Suppose I have two iid streams of data that are independent of each other: $X = (X_1, X_2, \ldots)$ and $Y = (Y_1, Y_2, \ldots)$. I want to estimate the difference in means between the two groups. Between the two streams, I want to sample a total of $n$ points. For notation's sake, say I'm sampling one point per unit of time for $T$ total time units.

Now consider the following sampling scheme which divides up the $T$ time period into two halves:

  • Up until time $t = T/2$, sample from $X$ and $Y$ with equal probability.
  • From $t = (T/2+1)$ until $T$, sample from $X$ with probability $p$ and from $Y$ with probability $1-p$, where $p$ is some function of the data I observed in the first half.

Now consider $\hat{\theta}_1 := \bar{X}_1 - \bar{Y}_1$, the difference in sample means calculated from only the data collected up until time $t=T/2$ and $\hat{\theta}_2 := \bar{X}_2 - \bar{Y}_2$ calculated from only the data collected from time $t=(T/2+1)$ to $t=T$.

Question: Without knowing more about how $p$ depends on the data in the first half, can we tell whether $\hat{\theta}_1$ and $\hat{\theta}_2$ are correlated?
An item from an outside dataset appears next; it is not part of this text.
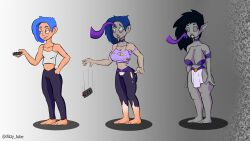  ass_expansion black_hair brain_injection breast_expansion dizzytube drool grey_skin harem_outfit sequence signature standing_at_attention static_eyes tentacles transformation 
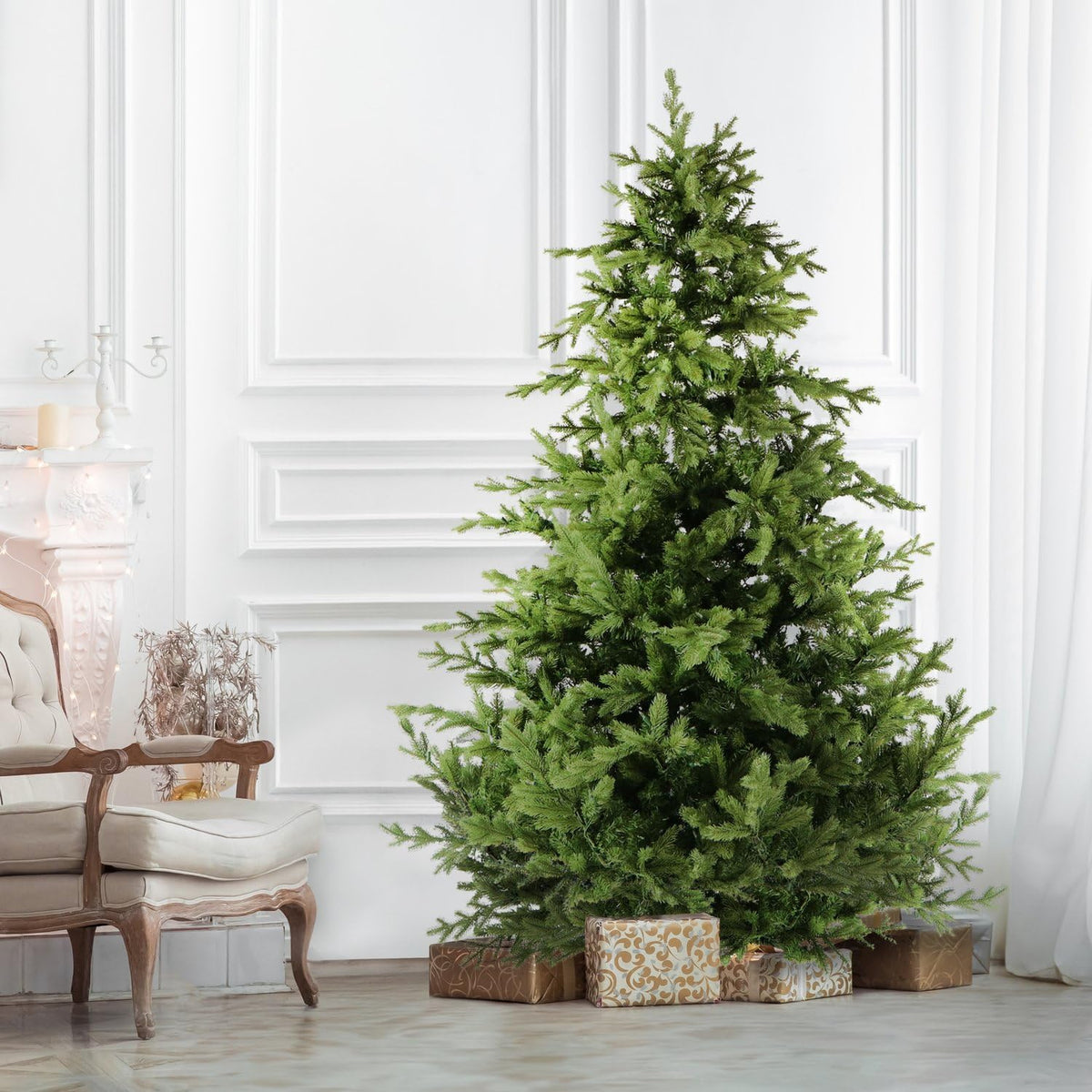 7.5 Ft. Foxtail Pine Artificial Christmas Tree with Stand and No Lights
Obviously, $\hat{\theta}_1$ and $\hat{\theta}_2$ are not independent, but nevertheless I thought they would be uncorrelated. My reasoning was that the dependence of $p$ only affects the allocation between $X$ and $Y$, and doesn't introduce any bias as far as the expected value of $\bar{X} - \bar{Y}$. I feel like I oversimplified this, but I'm a bit stuck as to how to work this out rigorously.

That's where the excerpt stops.